The PDMA statutory provision in question, codified at 21 U.S.C. § 353(e)(1)(A), requires that a wholesale distributor who is not the “manufacturer or authorized distributor of record” provide a record of the drug’s pedigree through the distribution chain that identifies each prior sale, purchase or trade of the drug (including the date of the transaction and the names and addresses of all parties to the transaction). The FDA’s implementing regulations interpret the statute to require that these unauthorized distributors provide the following:

  1. proprietary and established name of the drug;
  2. drug dosage;
  3. container size;
  4. number of containers;
  5. drug’s lot or control numbers;
  6. business name and address of all parties to each prior transaction, starting with the manufacturer; and
  7. date of each previous transaction.3

Unauthorized distributors argued that the information needed to create a pedigree back to the manufacturer could not be obtained because the intermediate authorized distributors, a major source of the purchased drugs, were not required to maintain such pedigree records. In December 2006, a U.S. District Court in New York issued a preliminary injunction stopping the FDA from implementing the regulation.4 The U.S. Court of Appeals for the Second Circuit upheld the injunction, allowing the FDA to require only pedigrees that trace back to either the manufacturer or the last authorized distributor of record.5 Additionally, the ruling limited the additional pedigree information the FDA can require to “the date of the transaction and the names and addresses of all parties to the transaction,” as specifically stated in the statute.

The FDA has exercised enforcement discretion, consistent with the court’s opinion, since 2008. The FDA now proposes to remove § 203.50(a), leaving only the statutory pedigree requirement. Under the FDA’s proposal, unauthorized distributors must provide a pedigree with information for transactions tracing back to either the manufacturer or the last authorized distributor of record, and the pedigree must include the listed transaction date and names and addresses of all parties to the transactions. The proposed rule notes that, while the proposal is pending, the agency will not initiate enforcement action if a pedigree satisfies the statutory requirements.

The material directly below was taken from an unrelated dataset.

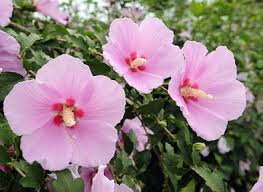 Its name in korean is mugunghwa, mugung means eternity in korean. Hibiscus Syriacus Also Known As The Korean Rose Is The National Flower Of South Korea The Flower Appears In N Hibiscus Hibiscus Flower Tattoos Flower Meanings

In conclusion, unauthorized distributors must ensure their pedigrees include the following:

  1. information regarding transactions going back to either the manufacturer or the last authorized distributor of record that handled the drugs, consistent with the preliminary injunction order previously referenced; and
  2. the date of the transaction and the names and addresses of all parties to the transaction, as required under the statute.

In addition, while the FDA is proposing to remove § 203.50(a) and intends to exercise enforcement discretion as discussed, the FDA encourages wholesale distributors to include the drug, dosage, container size, number of containers and the drug’s lot or control numbers in the pedigree as well.